“A casa è una guerra” è una delle espressioni tipiche che indicano tensioni e litigi familiari. Anche in azienda, la frequenza con cui si usano e si sentono usare frasi di questo tipo è altissima. Solo che le parole, come diceva Nanni Moretti nel film Palombella rossa, sono importanti. Determinanti. Già plasmati da un’avversione, parzialmente giusta, nei confronti dell’idea di guerra, se usiamo le parole in modo improprio ci ritroviamo ancor di più a evitare gli scontri, i litigi, i conflitti, senza che questo ci sia di aiuto. Anzi.
La guerra è violenza, per quanto organizzata. Litigare, invece, è quasi sempre un qualche tipo di scontro alla ricerca di un punto comune. La guerra è un gioco a somma zero: qualcuno vince, qualcun altro perde. Litigare è manifestazione, a volte accesa, di opinioni, di espressione. È spiegarsi meglio, ad alta voce. In Italia, purtroppo, la lingua non ci aiuta a destreggiarci con queste sfumature. Come ha osservato Daniele Novara, presidente del Centro psicopedagogico per l’educazione e la gestione dei conflitti e mio mentore sulla materia, in italiano, sul tema, usiamo troppe parole in maniera confusa e sovrapposta:
"Appare evidente come nei nostri vocabolari i significati di 'guerra' e 'conflitto' siano sostanzialmente sovrapponibili, con un’accezione quasi peggiorativa del conflitto rispetto alla guerra. Ma se consideriamo la guerra per quello che è, e cioè una delle forme più estreme di violenza, è evidente che ci troviamo di fronte a una clamorosa confusione semantica, che la ricerca sui nostri vocabolari non ci aiuta a dirimere."
Sovrapposta, nel senso che pensiamo che in una scala di intensità della violenza vi siano i conflitti e crescendo si possa trovare la guerra. Dal conflitto, al litigio, fino ad arrivare al caos. Ciò che più ci manca, però, e non solo in Italia, è la capacità di cogliere le sfumature e anche l’ambiguità della natura umana e delle relazioni. Come generazione “pacifica” che ripudia la guerra, la nostra tendenza è quella di escludere ogni possibile scontro. Pensare che l’armonia sia una questione di accordo perenne, continuo, simbiotico. E, invece, non funziona così. Anzi, funziona al contrario.
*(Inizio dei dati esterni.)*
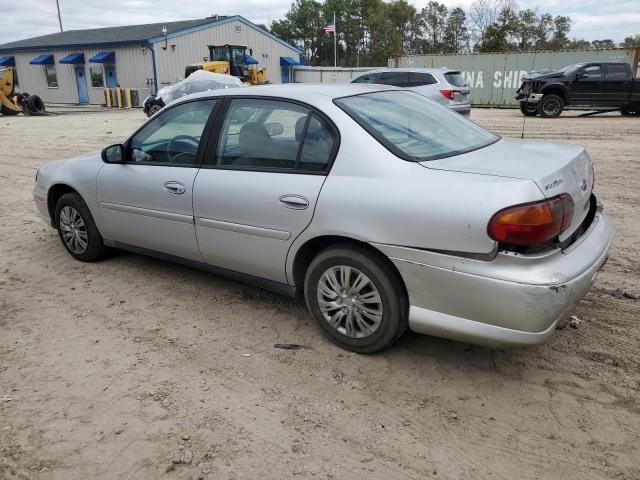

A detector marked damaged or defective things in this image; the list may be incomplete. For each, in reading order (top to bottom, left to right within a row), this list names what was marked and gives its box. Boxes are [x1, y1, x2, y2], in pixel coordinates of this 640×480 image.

damaged rear bumper [372, 202, 612, 348]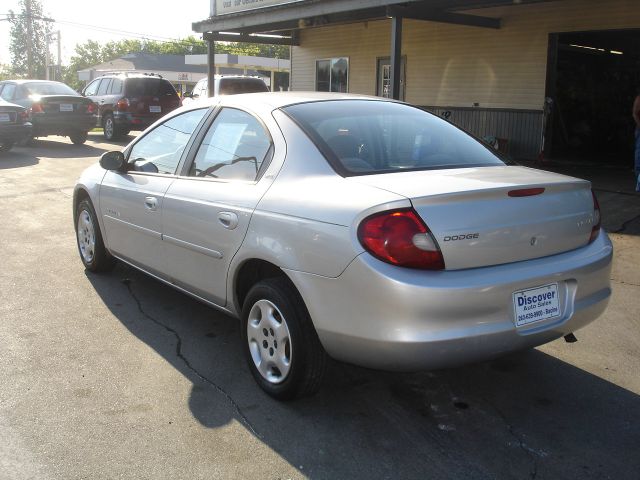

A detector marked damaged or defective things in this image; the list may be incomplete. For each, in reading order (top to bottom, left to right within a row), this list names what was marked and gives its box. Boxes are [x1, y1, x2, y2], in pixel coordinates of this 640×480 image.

crack in pavement [121, 278, 262, 438]
crack in pavement [482, 398, 544, 480]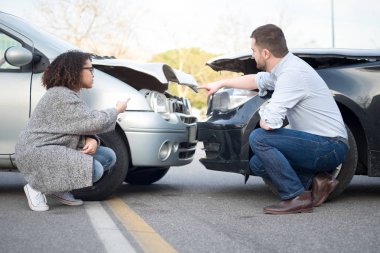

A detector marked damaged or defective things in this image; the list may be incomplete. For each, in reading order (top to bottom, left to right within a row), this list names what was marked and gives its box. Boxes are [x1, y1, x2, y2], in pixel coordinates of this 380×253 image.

damaged silver car [0, 11, 196, 199]
detached front bumper [118, 111, 196, 167]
L’armonia è un processo tormentato di mediazione, negoziazione, confronto, discussioni. Si tratta del risultato del capirsi, il che implica necessariamente qualche volta aver litigato. A volte è vero: tali litigi possono apparire o risultare violenti. Ma si tratta, per lo più, di incapacità nell’affrontare la natura dei conflitti. La violenza insomma – citando ancora Novara – “non può essere una sorta di conseguenza del conflitto ma, al contrario, è l’incapacità di stare nel conflitto stesso, di sperimentarlo come momento importante, come elemento che fonda la relazione e attraverso il quale è possibile riconoscere la differenza e la distanza, indispensabili a preservare la relazione stessa dalle sue componenti inglobanti e tiranniche”.
Conflitti in azienda: il meglio o il peggio di noi?
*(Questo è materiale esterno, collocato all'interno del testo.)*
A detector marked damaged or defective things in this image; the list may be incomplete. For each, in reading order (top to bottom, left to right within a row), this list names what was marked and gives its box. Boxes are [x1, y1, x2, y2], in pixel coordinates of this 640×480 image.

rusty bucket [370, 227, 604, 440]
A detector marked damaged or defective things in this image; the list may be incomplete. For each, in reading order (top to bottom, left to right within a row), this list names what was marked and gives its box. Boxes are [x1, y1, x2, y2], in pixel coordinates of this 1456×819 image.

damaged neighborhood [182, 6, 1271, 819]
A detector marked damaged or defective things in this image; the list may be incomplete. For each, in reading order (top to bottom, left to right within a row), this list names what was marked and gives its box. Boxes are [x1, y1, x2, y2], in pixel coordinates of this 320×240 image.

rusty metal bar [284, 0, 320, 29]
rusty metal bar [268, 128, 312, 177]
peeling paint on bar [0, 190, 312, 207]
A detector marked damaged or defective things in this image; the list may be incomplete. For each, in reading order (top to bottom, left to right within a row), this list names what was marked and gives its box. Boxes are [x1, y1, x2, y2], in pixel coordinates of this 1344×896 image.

Progredendo in un campo a noi più familiare, quello della vita in azienda, potremmo adattare la domanda di prima, relativa alla guerra, ai conflitti sul luogo di lavoro: fanno emergere il peggio o il meglio di noi? Sono una guerra o sono altro? Queste domande sono vitali per le finalità di questo libro e per il destino delle nostre imprese. E, anche qui, la risposta dipende dalle credenze e dai
pregiudizi di cui siamo dotati. Se crediamo che i conflitti siano portatori di guerra e caos, è chiaro che ne fuggiremo sempre e, come manager, cercheremo in ogni modo di evitarli. Se invece – e questa è la tesi del libro – li intendiamo come momento di crescita e ricerca dell’armonia, allora ci sforzeremo non di evitarli, ma di affrontarli con saggezza, pazienza e metodo. Non solo per imparare a gestirli, ma anche per includerli tra i processi fondamentali per una sana vita aziendale. “So-stare nel conflitto”, come suggerisce lo stesso Novara, anziché vivere e lavorare in una finta armonia che, lasciando macerare il problema, dà poi luogo a “infezioni”, più o meno gravi, che si estendono a tutta l’organizzazione.
Il conflitto incoraggia nuovi approcci e modi di pensare, fa sorgere domande nuove.
Il conflitto fornisce delle opportunità di ripensamento e riorganizzazione.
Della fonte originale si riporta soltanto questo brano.